Over my journey of scaling teams and leading teams that build data products, I learnt and recognised a lot patterns. These are not necessarily design patterns but real life patterns. I have become so creepy sometimes comparing software patterns and real life patterns comes naturally to me but still within my senses and encouraging others to see the alternate universes that I see.

I am no where to call myself as specialist in design patterns about adopting micro services architecture or on how to break monoliths into micro-services compared to brilliant minds in the industry. If you are looking for deep dive on micro service architecture and patterns, I would happily redirect you to Sam Newman or Martin Fowler. However having conversations with many of my teams (past/present) and industry peers, I always found interesting patterns in the evolution of the company that dictates the need to move to micro services as the teams / companies grow. This is what I would like to highlight in this article so that teams can focus on the outcomes rather than technology trends.

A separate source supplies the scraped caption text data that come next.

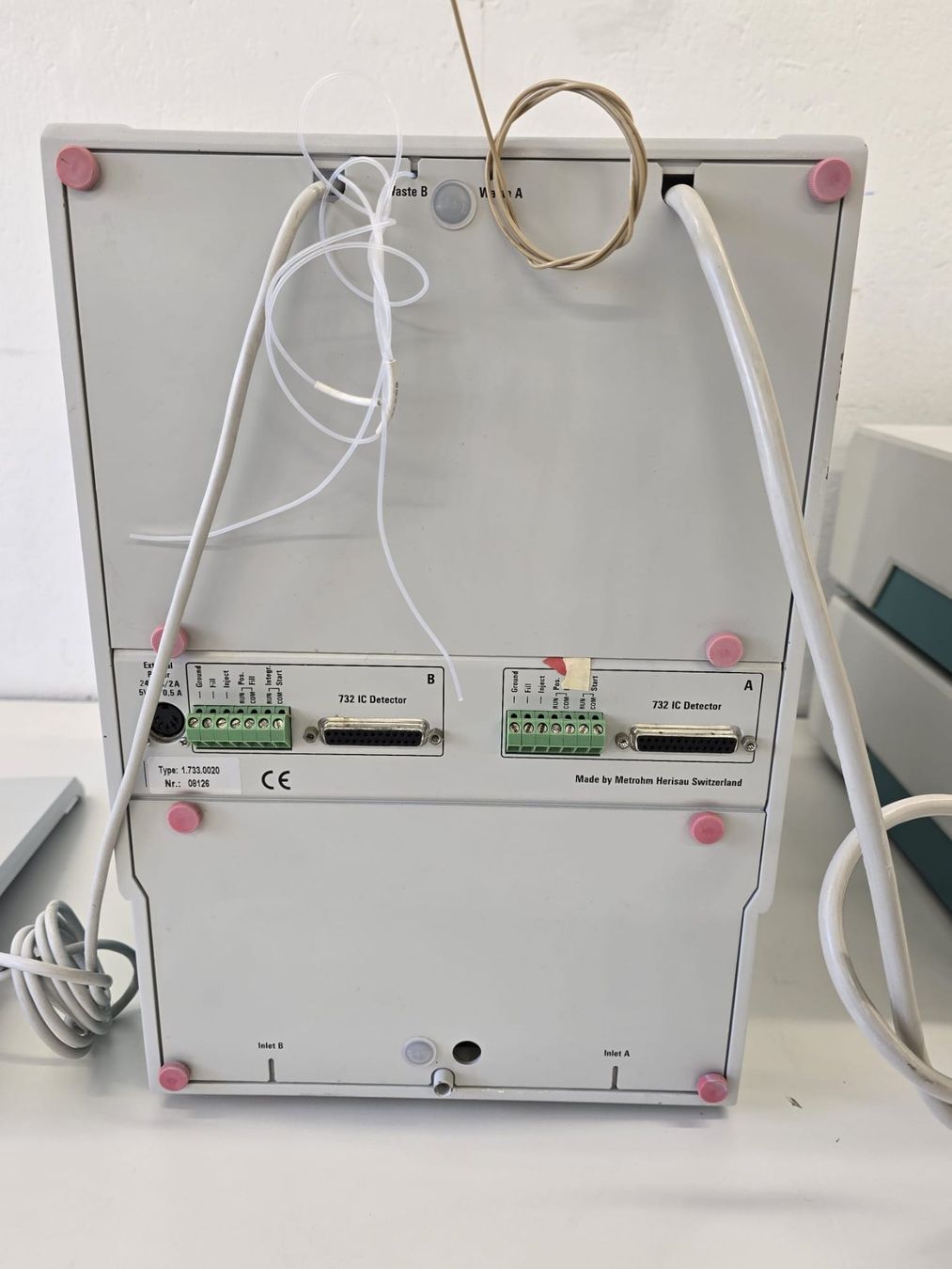 Tutte le macchine: 732 IC Detector, 753 Suppressor Module und 733 IC Separation – Usato da Niederdorf venduto da LeptonAG_Labor 4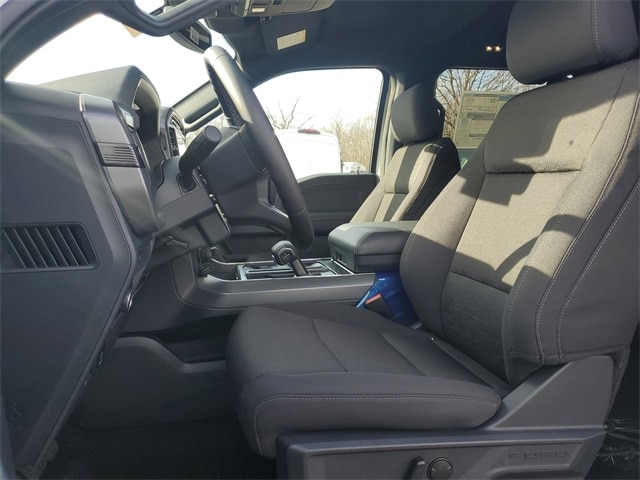 2025 Ford F-150 XLT photo 9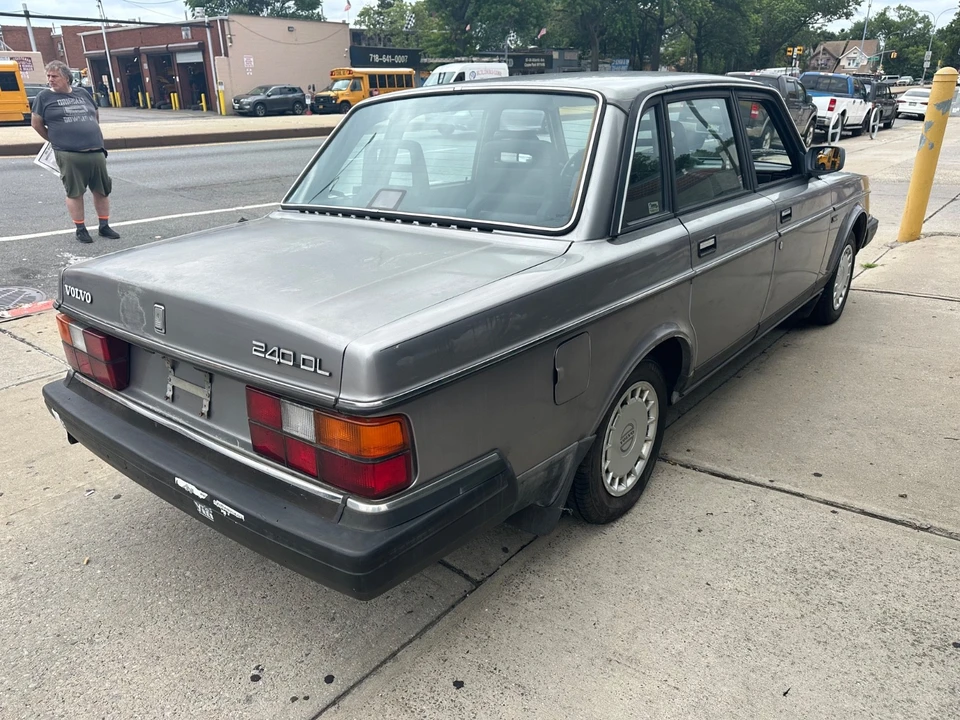 1990 Volvo 244 - Image 5 of 20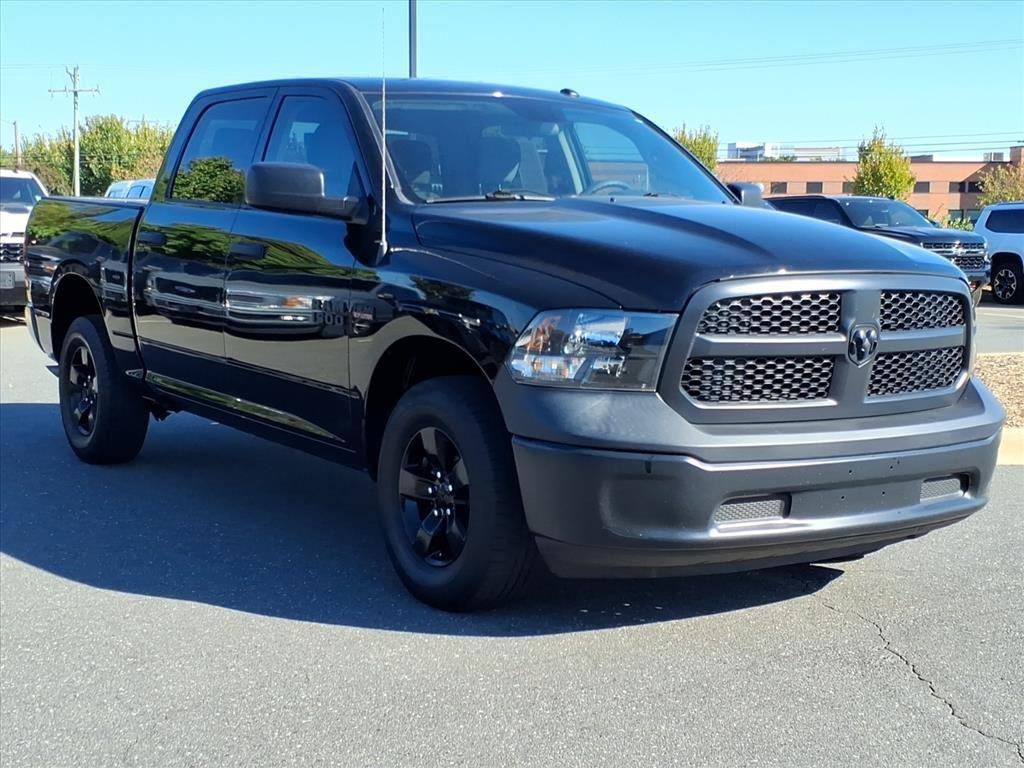 2021 Ram 1500 Classic Tradesman photo 3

Pattern 1: Guard rail your risks

When you begin a start-up or SMB journey, probably the application architecture and the teams RACI around it, is very simple. It would be absurd if someone already thinks about design patterns when you want to market at a rapid phase. Probably monoliths fit all the needs but to be honest, I dont really care at that point in time of my company / team’s growth phase. After a couple of years of hyper growth phase, you suddenly realise there are around 40 engineers in the ecosystems all building new features to acquire new customers or retain them or engaging them with tons of new features in your product. You will see patterns where there are lot of dependencies between teams, roles and functions. You spot bugs due to conflicting changes. Deploying features suddenly becomes a high risk / impact and directly proportional to team sizes. The best example I can provide is we developed a serverless ETL framework that overtime became a monolithic giant. The repo was too big, tons of lambda bundled together, huge dependencies between different instances of these ETL components. Anything we touched had a big probability that it will break things. Test specs were too big, longer to run, high risk to deploy. This is where we found moving to a micro service architecture which automatically builds an organic guard rail around the engineering services with clear segregation of duties. The scope, risk and impact becomes clear to the teams and increases efficiency of the engineering teams.

Pattern 2: Data Complexity

Second pattern is around, the complexity of data landscape. As business grows/scales, data landscape becomes complex. you will see name game / blame game in all companies and usually the last team which provides the data to consumers is in sandwich position. Moving into data domain architectures becomes obvious to create isolation of data. This also created at the same time E2E accountability model for teams rather than centralised data ownership.

Pattern 3: Functional structures

Last trigger comes with evolving organisation structure as you scale your engineering organisation. The adoption of micro-services allows you to give engineers autonomy, creating a more flexible and dynamic working environment. These patterns were natural transitions that created an environment where it made sense to adopt micro-services, and focus on their outcomes rather than technology trends.